Figure 2 Structure of a typical DT. DT, decision tree.

Although DT can be converted to a set of rules, this sort of representation is considered as too complicated to comprehensible when facing too much predictors (66).

Support vector machine (SVM)

SVM, which was first developed in the mid-1990s by Cortes et al. (67), has undergone evolution and became the most flexible and effective data mining tool after Boser (68) applied the kernel trick to maximum-margin hyperplanes. The SVM often provides better results compared with other techniques (69).

Figure 3 containing an infinite number of classification boundaries provides a visual description of SVM. All these boundaries perfectly classify the data points but SVM can help to find the best one which maximize distance between the classification boundaries and the closest point by introducing appropriate kernel functions. In SVM terminology, the optimal classification boundary is called hyperplanes, the closest point is designated as the support vector, and the distance between the hyperplane and support vectors is termed the margin. and DT. With the goal of predicting mortality risk of cardiovascular patients admitted in ICUs, Moridani et al. (70) selected radial basis as kernel function, and concluded that SVM performs better than ANNs. Houthooft et al. (71) used eight types of machine learning models to predict patient survival and ICU length of stay. Their results suggested that SVM attained the best results in terms of patient mortality prediction. Kim et al. (13) also did a similar comparison, and obtained similar results.

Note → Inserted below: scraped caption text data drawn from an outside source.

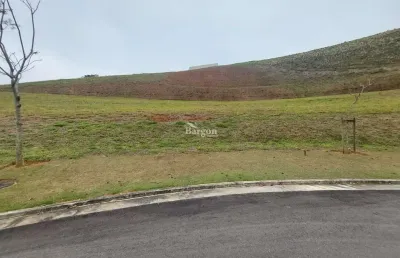 Lote com 682 m² a venda no condomínio alphaville juiz de fora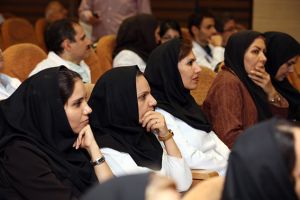 برگزاری سومین جشنواره پژوهشی مرکز قلب و عروق شهید رجایی به همراه اولین جشنواره جایزه ملکی،ویژه محققین جوان: عکس شماره 8 / 12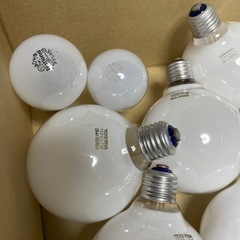 電球たくさんの画像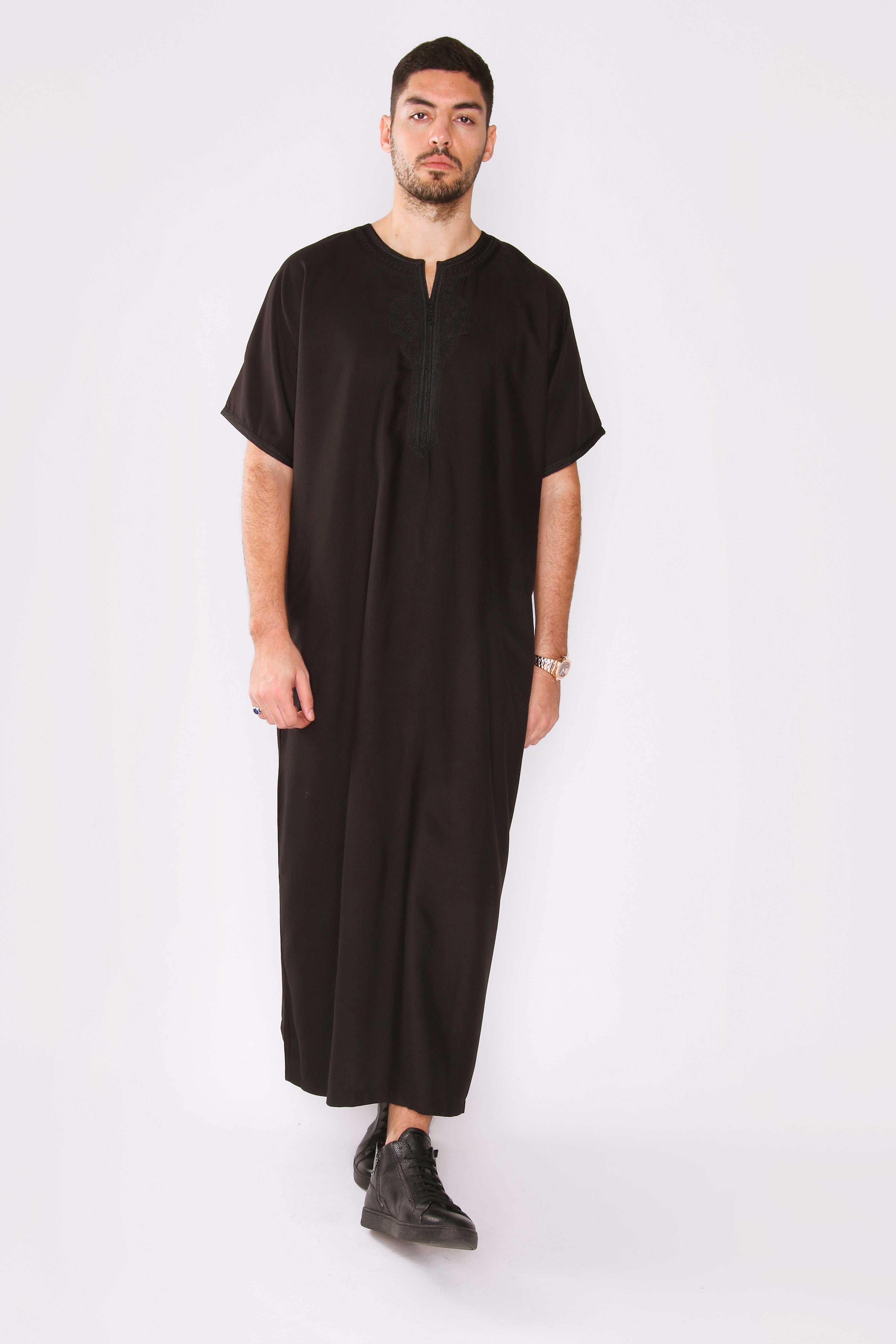 Gandoura Badr Embroidered Short Sleeve Men's Long Robe Thobe in Black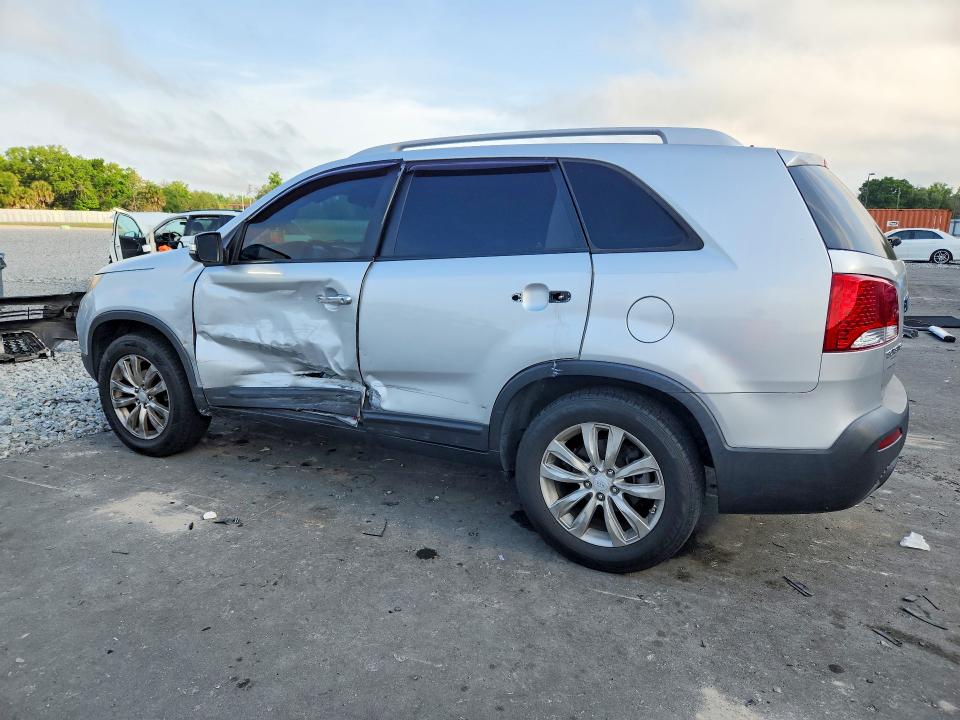 2011 Kia Sorento VIN 5XYKT4A28BG095654 COPART salvage auction — SIDE, Fl - Cert Of Title Slvg Rebuildable, sold $15 on 2026-07-29 (photo 2)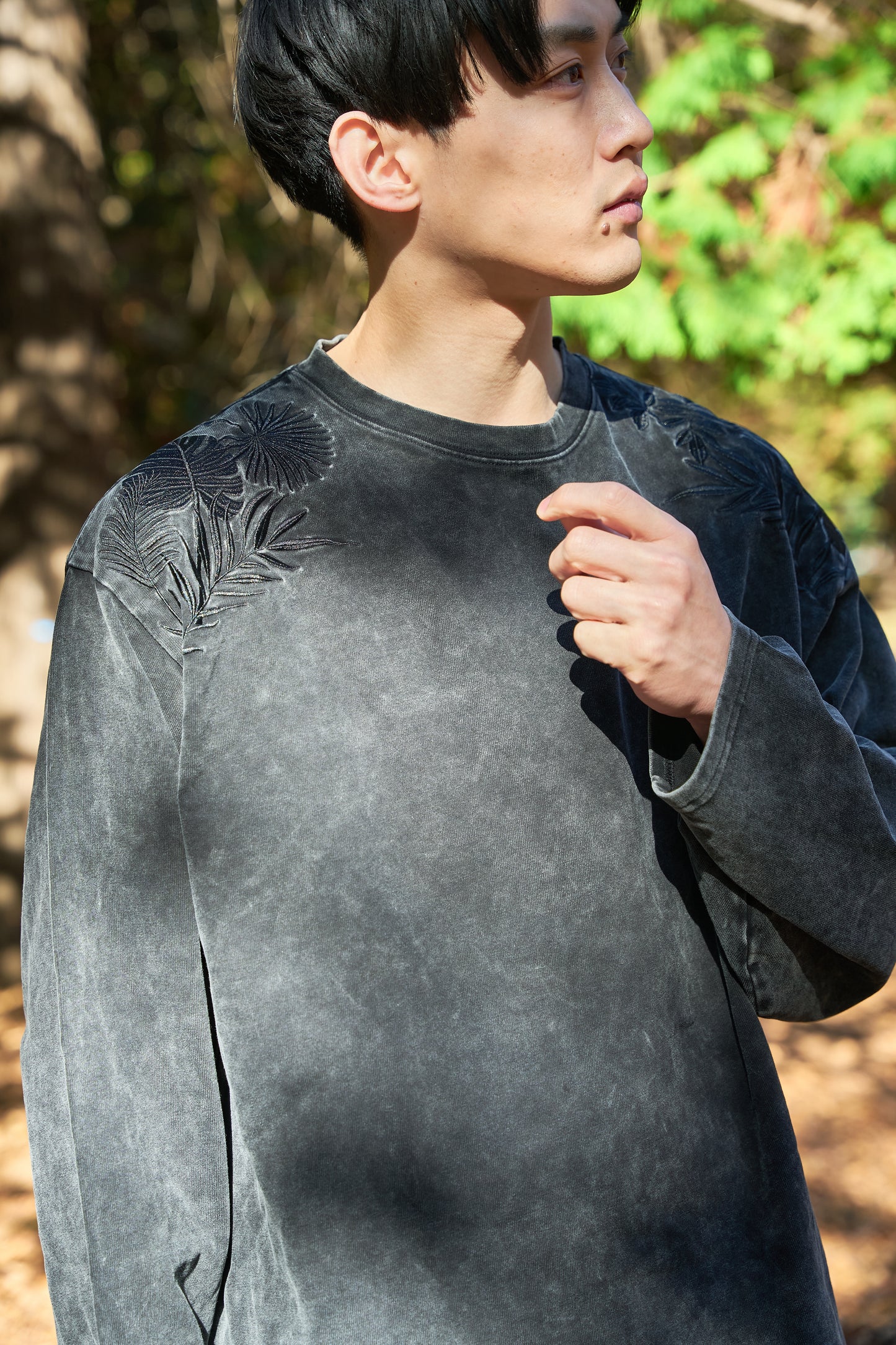 Forest timeless Embroidery Long Sleeve 自然好きにおすすめな植物刺繍ロングスリーブ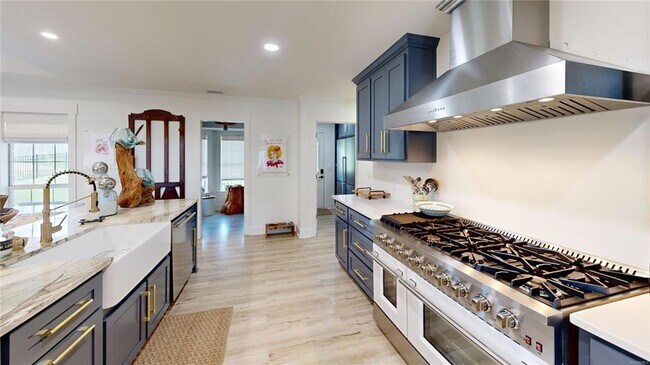 Building Photo - Available December!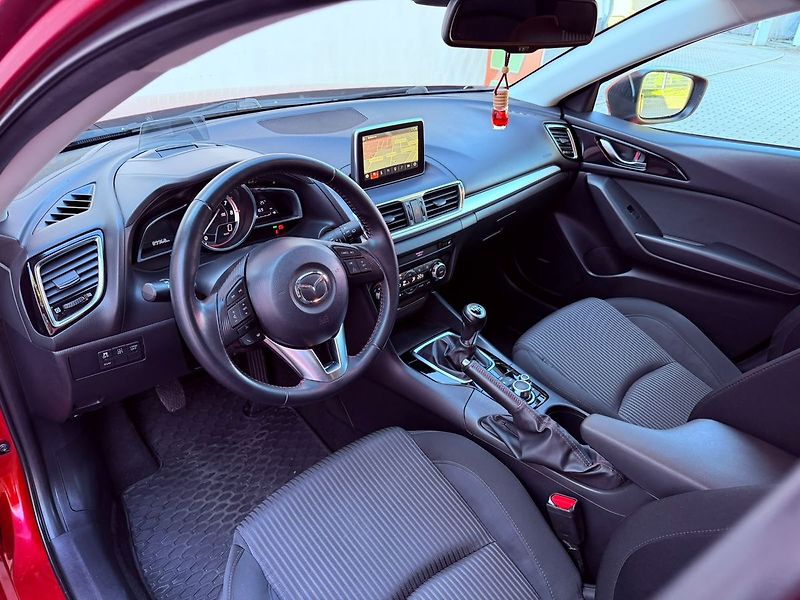 Mazda 3 2.0 Skyactiv 121 kW, ČR, 1.Maj - fotka 16 z 30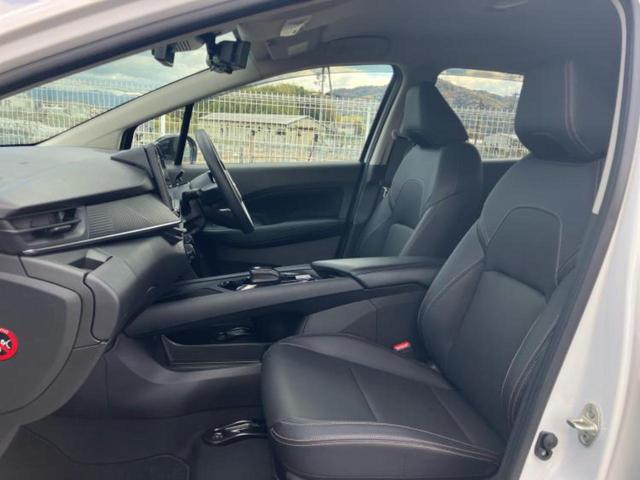 ノート Ｘ９０シュウネンキネンシャ　保証書／社外　９インチ　ＳＤナビ／インテリジェントルームミラー／アラウンドビューモニター／車線逸脱防止支援システム／プロパイロット／ヘッドランプ　ＬＥＤ／Ｂｌｕｅｔｏｏｔｈ接続／ＥＴＣ　全周囲カメラ（6枚目）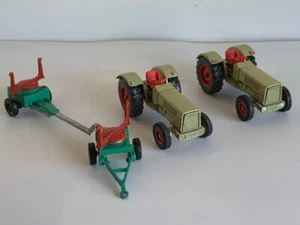 Siku V-Serie Konvolut 2 x Trecker 1 x Langholzhänger ohne Ovp. - Bild 1 von 5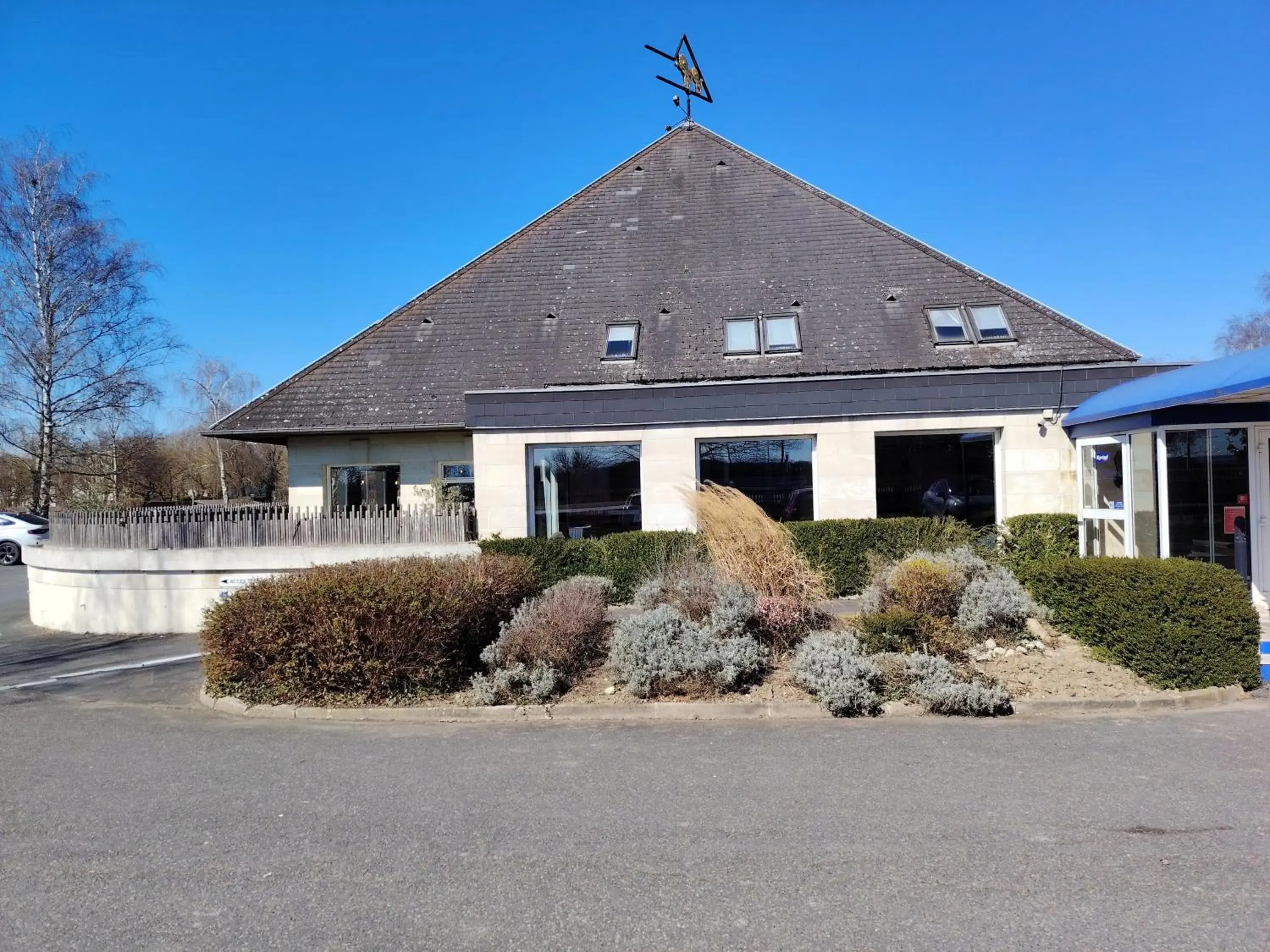 Property building in Kyriad Laon Property building in Kyriad Laon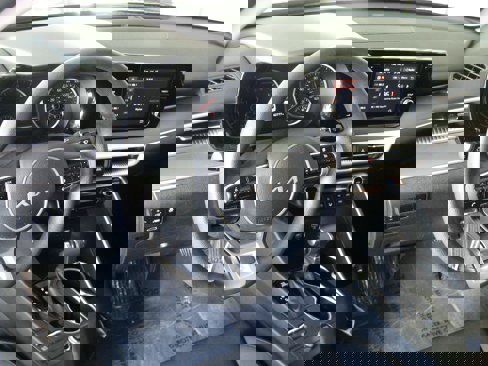 Used 2022 Kia K5 LXS image 8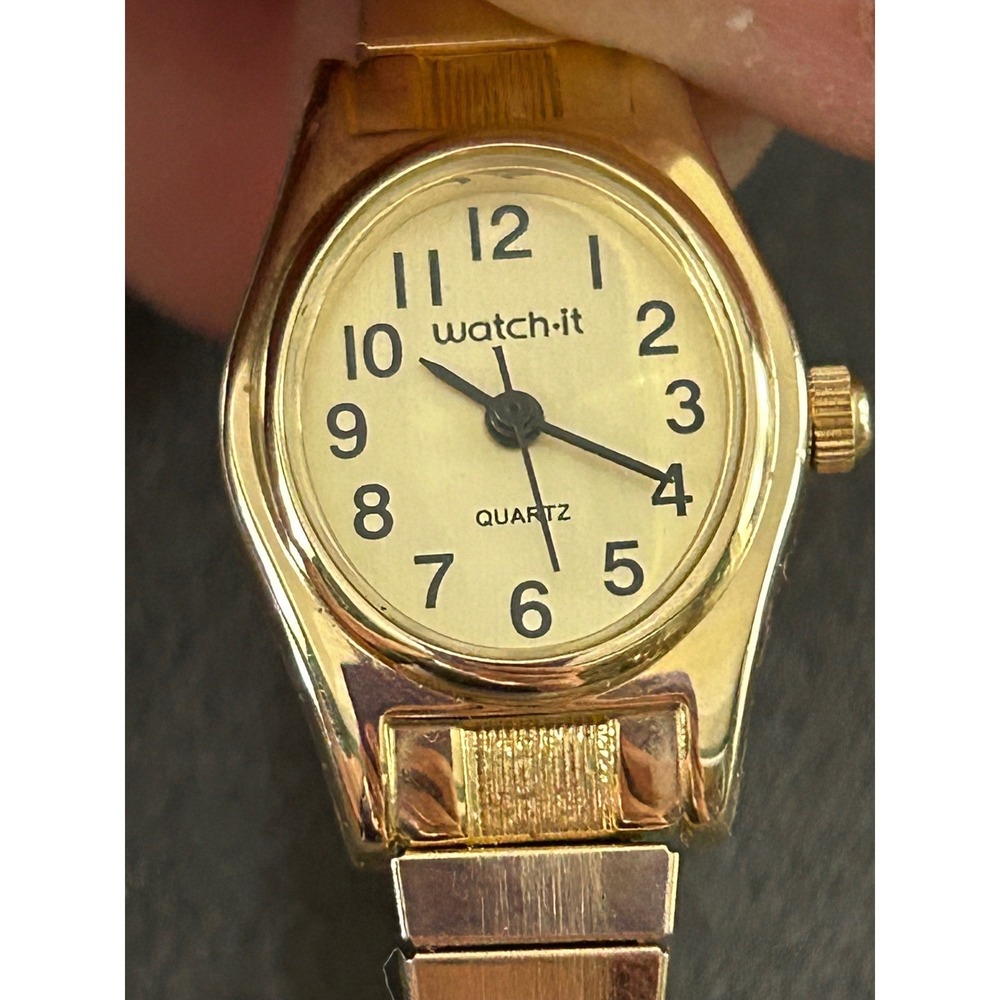 Watch-it Ladies Gold Tone Quartz Watch Oval Face Expansion Band M.Z. Berger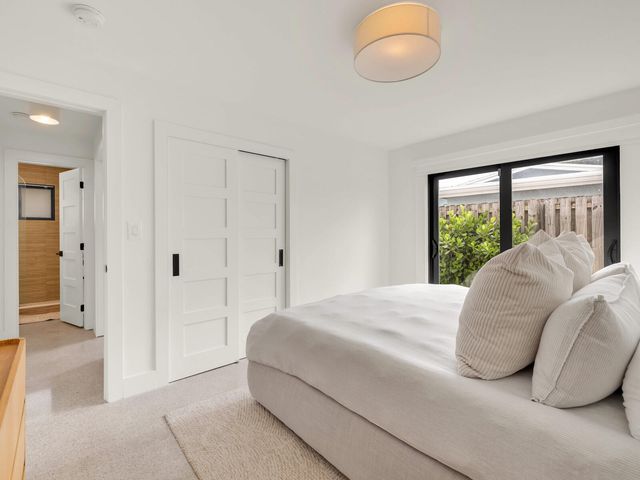 2751 NE 53rd Street, Lighthouse Point, FL 33064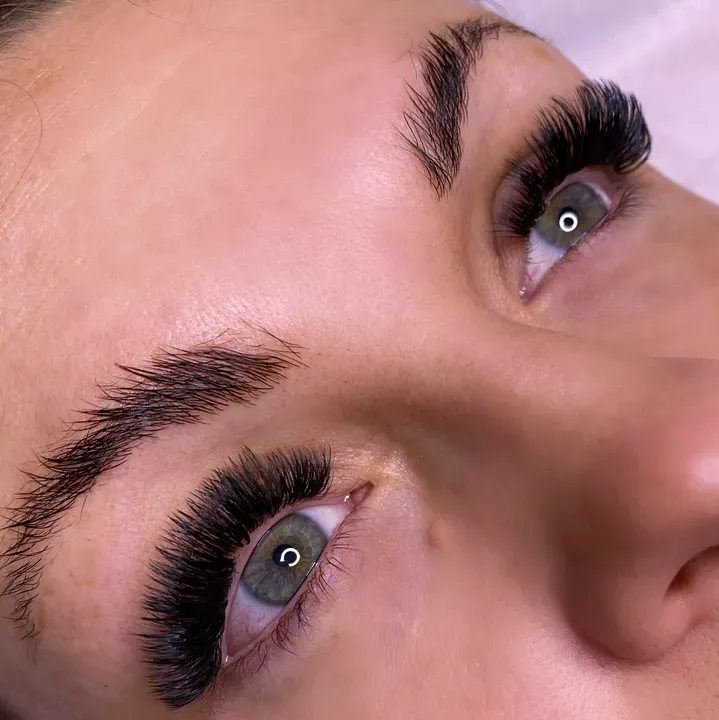 https://cdn.salonspotlight.com/photos/k1hDhAN3I5gy5tcqLctl/fab53492-8574-48d5-9291-91504a8d65cc_720x720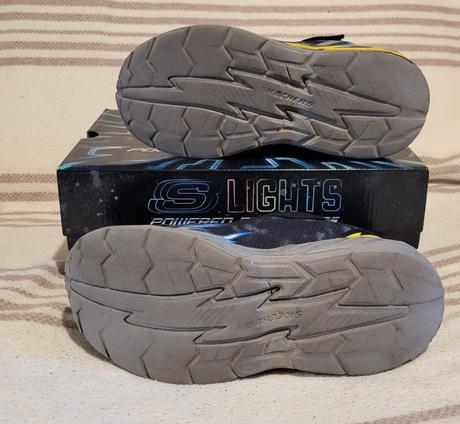 Chlapčenské svietiace tenisky velk. 34 skechers, skechers,34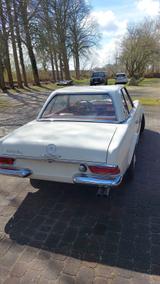 Mercedes-Benz SL 230 - Mercedes-Benz SL aus dem Jahr 1965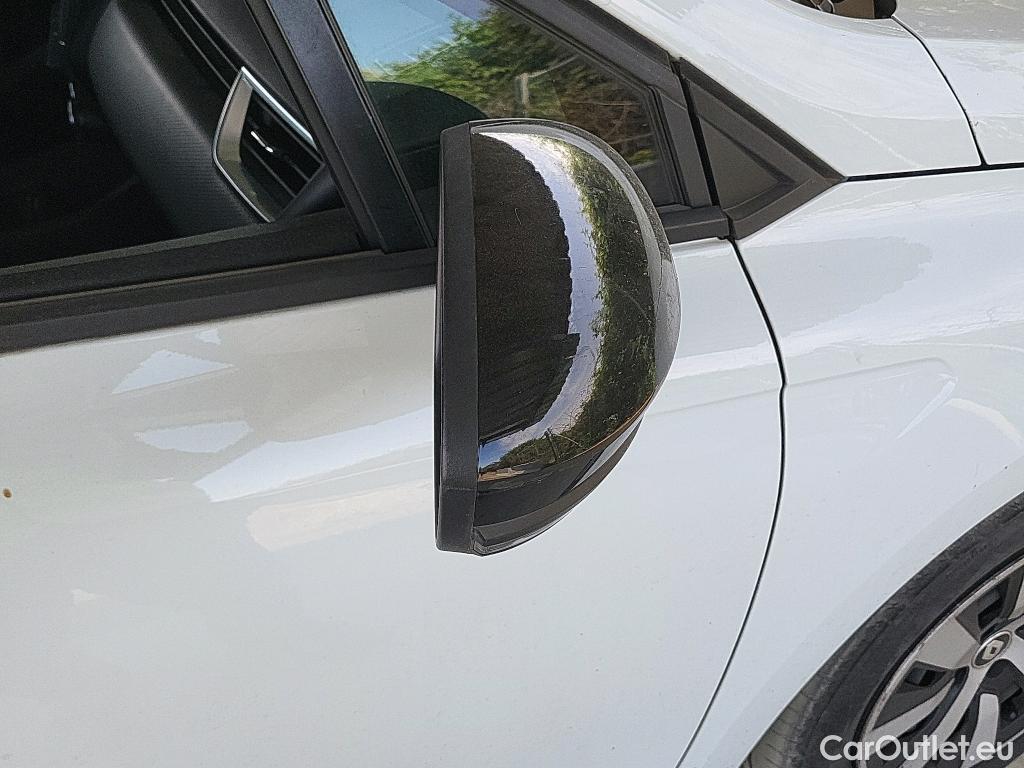  Renault  Clio RENAULT  / 2019 / 5P / berlina con portón Equilibre Blue dCi 74kW (100CV) #19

Furthermore, Luaces et al. (72) demonstrated that SVM exhibits better performance compared with APACHE-III when the number of patients for training was higher than 500.

Figure 3 Structure of a typical SVM. SVM, support vector machine.

SVM has been extensively applied in genetics, proteomics, molecular biology, bioinformatics, and cancer research (70,71), but it is rarely used to predict mortality in ICU settings compared with LR, ANNs for the reason that SVM refer to too much sophisticated mathematical knowledge and computer skill and most studies in medicine only reported the model performance and omitted the details of modeling.

Performance evaluation measures

We briefly consider some of the more commonly used performance measures in medicine from the properties of discrimination and calibration (73), without intending to be comprehensive.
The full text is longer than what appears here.